SOURCE RECORDS Start Marker

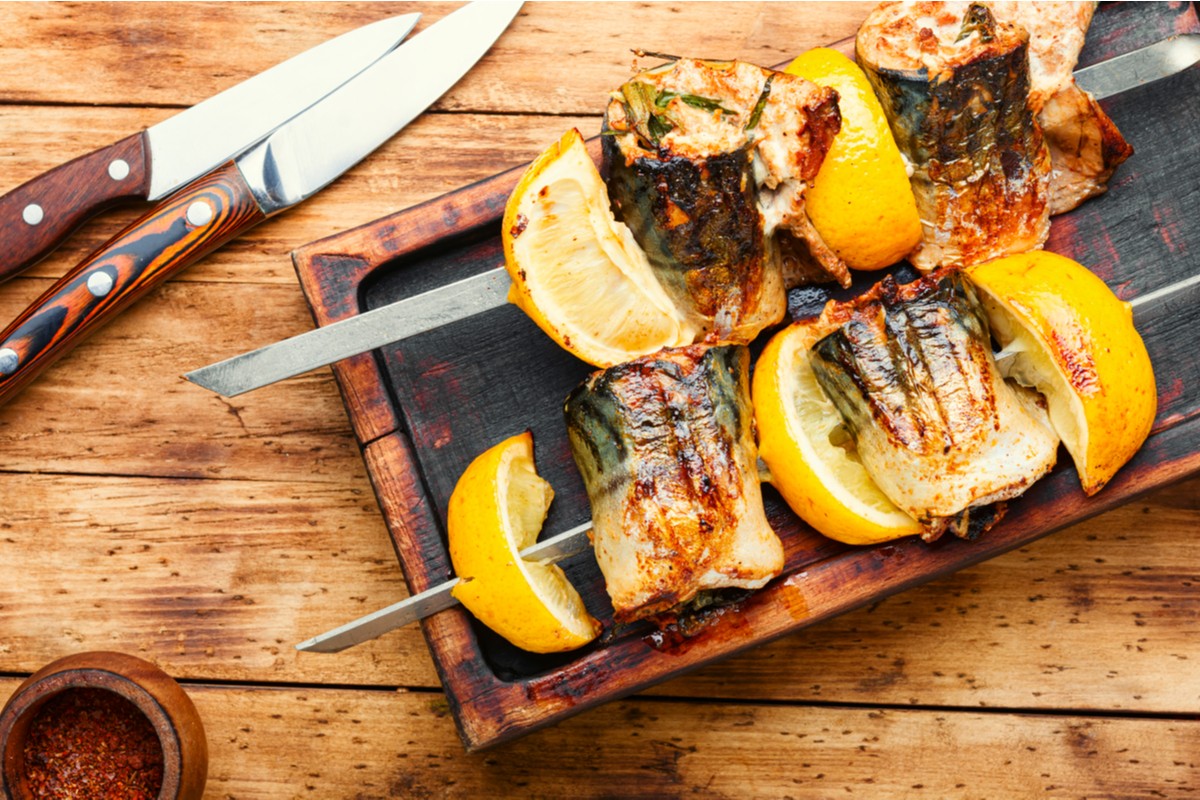 Makrele auf Spießen grillen – Leckeres Fischrezept zum Grillen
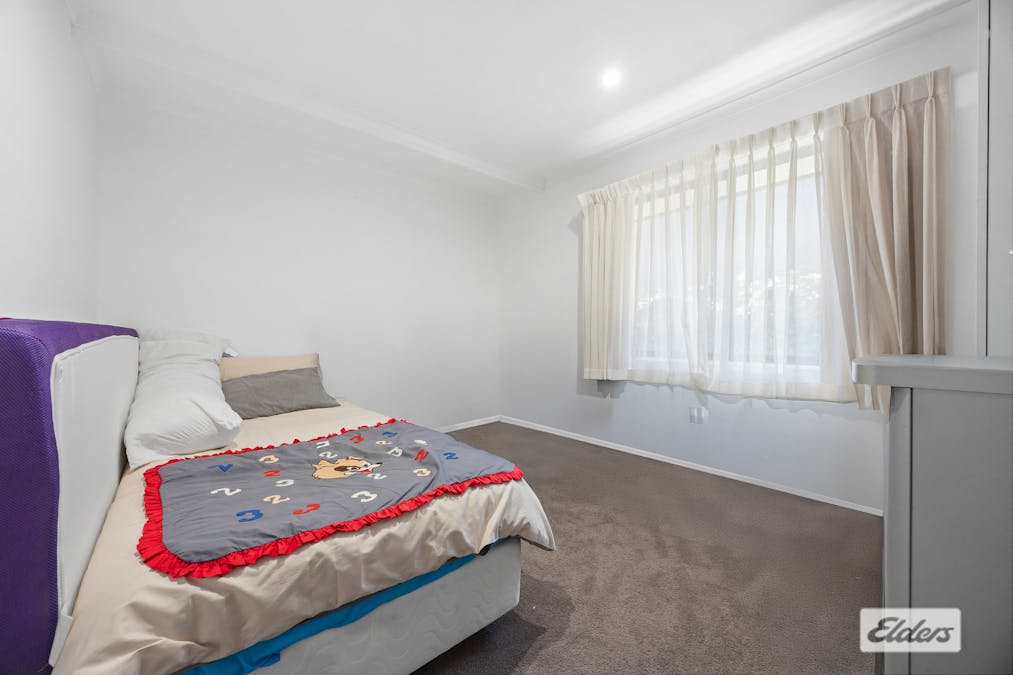 18 Ellerker Avenue, Ararat, VIC, 3377 - Image 11
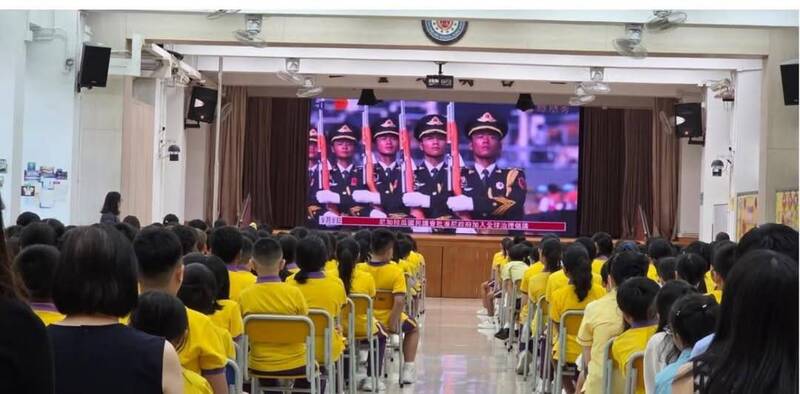 閱兵大日子，學校應趁此教育孩子《國語》首篇「祭公諫征犬戎」。（取自貼文）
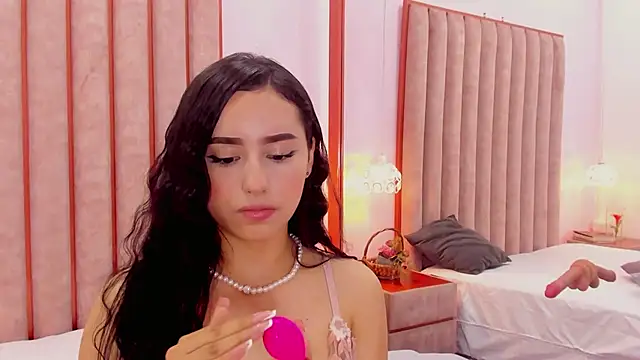 Zoe_Monrow élő XXX-chatje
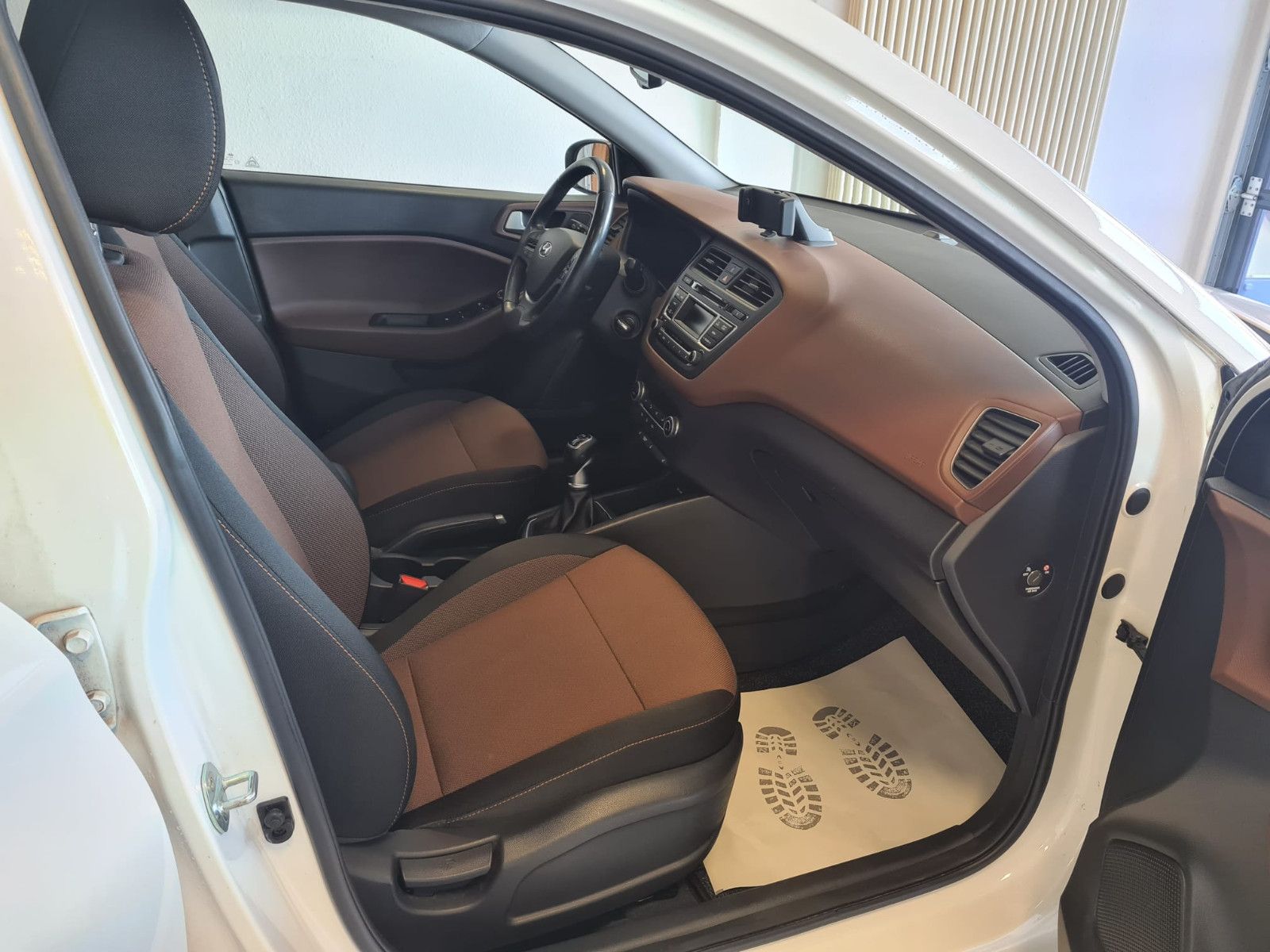 Fahrzeugabbildung Hyundai i20 Style / KLIMA / PANORAMADACH/GARANTIE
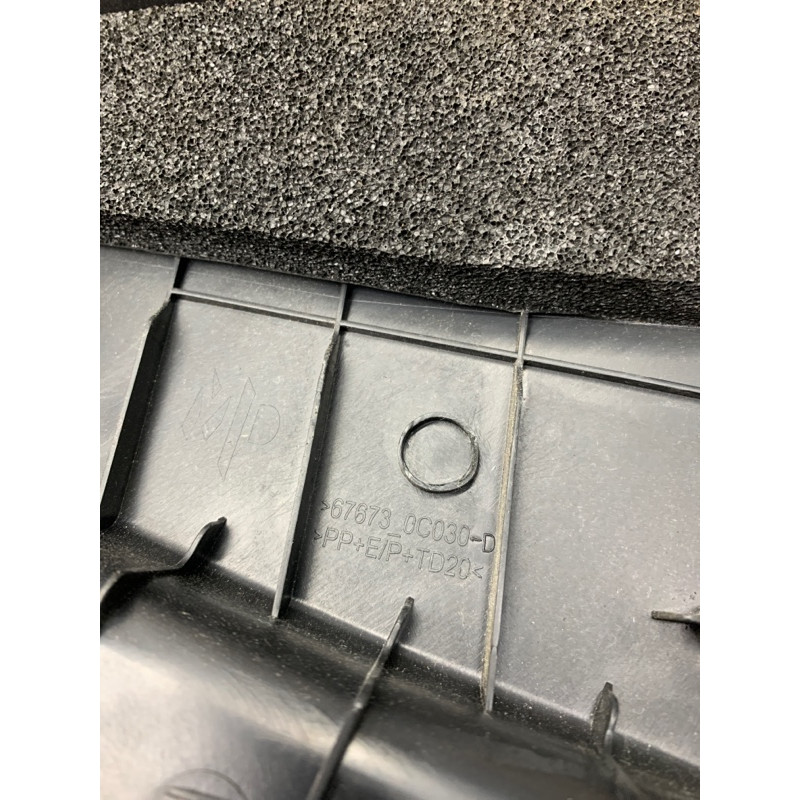 Накладка двери внутренняя (салон) Toyota Sequoia XK60 676730C030C0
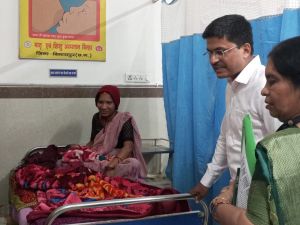 कलेक्टर ने किया सामुदायिक अस्पताल का निरीक्षण कलेक्टर ने किया सामुदायिक अस्पताल का निरीक्षण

SOURCE RECORDS End Marker

_TASK DETAILS_
Output the data exactly, pictures omitted.

_EXERCISE RESPONSE_
 Makrele auf Spießen grillen – Leckeres Fischrezept zum Grillen
 18 Ellerker Avenue, Ararat, VIC, 3377 - Image 11
 閱兵大日子，學校應趁此教育孩子《國語》首篇「祭公諫征犬戎」。（取自貼文）
 Zoe_Monrow élő XXX-chatje
 Fahrzeugabbildung Hyundai i20 Style / KLIMA / PANORAMADACH/GARANTIE
 Накладка двери внутренняя (салон) Toyota Sequoia XK60 676730C030C0
 कलेक्टर ने किया सामुदायिक अस्पताल का निरीक्षण कलेक्टर ने किया सामुदायिक अस्पताल का निरीक्षण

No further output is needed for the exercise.